Au 1er novembre 2024, d'après les données de la direction de la sécurité sociale, 19 836 droits à l'AJPA ont été ouverts, contre 14 190 au 1er novembre 2023, soit + 40 % en un an. Le nombre moyen de jours indemnisés par aidant et par mois est de 9 jours121(*).
Sur le plan budgétaire, en 2023, l'AJPA représente, pour la CNSA, un coût total de 11 millions d'euros, contre 8 millions d'euros en 2022122(*).
La montée en charge de l'AJPA reste donc limitée au vu du nombre d'aidants potentiellement éligibles. En effet, l'évaluation préalable annexée au projet de loi de financement de la sécurité sociale pour 2020 estimait que près de 270 000 salariés et 67 000 agents publics aidants pourraient prétendre à l'indemnisation du CPA. Sur cette base, le taux de recours serait donc d'environ 6 %.

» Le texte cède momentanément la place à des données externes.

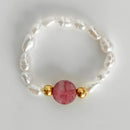 Bohemian Handmade Natural Stone Rings Women with Stainless Steel Bead Multi Color Stretch Rope Party Gifts Ring Adjustable 2020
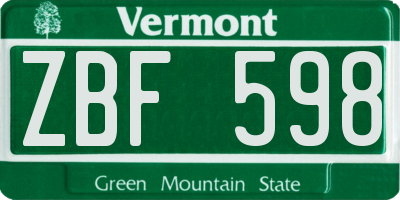 VT license plate ZBF598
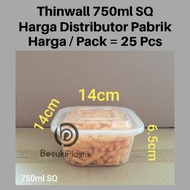 Thinwall 750ml SQ / Thinwall 750ml Square Box / Thinwall Box 750ml Square Microwave Freezer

À titre de comparaison, le taux de recours est estimé à 50 % pour le minimum vieillesse, 34 % pour le revenu de solidarité active (RSA) et 27 % pour la prime d'activité123(*).
2. Plusieurs facteurs expliquent ce faible taux de recours
a) Des freins inhérents à la situation financière du proche aidant
Premièrement, le faible recours au CPA et à l'AJPA s'explique par la perte de salaire qu'il induit pour les travailleurs.
En effet, si le montant de l'AJPA n'est pas pénalisant pour les plus faibles salaires, au-delà du Smic, si l'employeur n'a pas mis en place de mécanisme de complément, il se traduit par une perte de salaire.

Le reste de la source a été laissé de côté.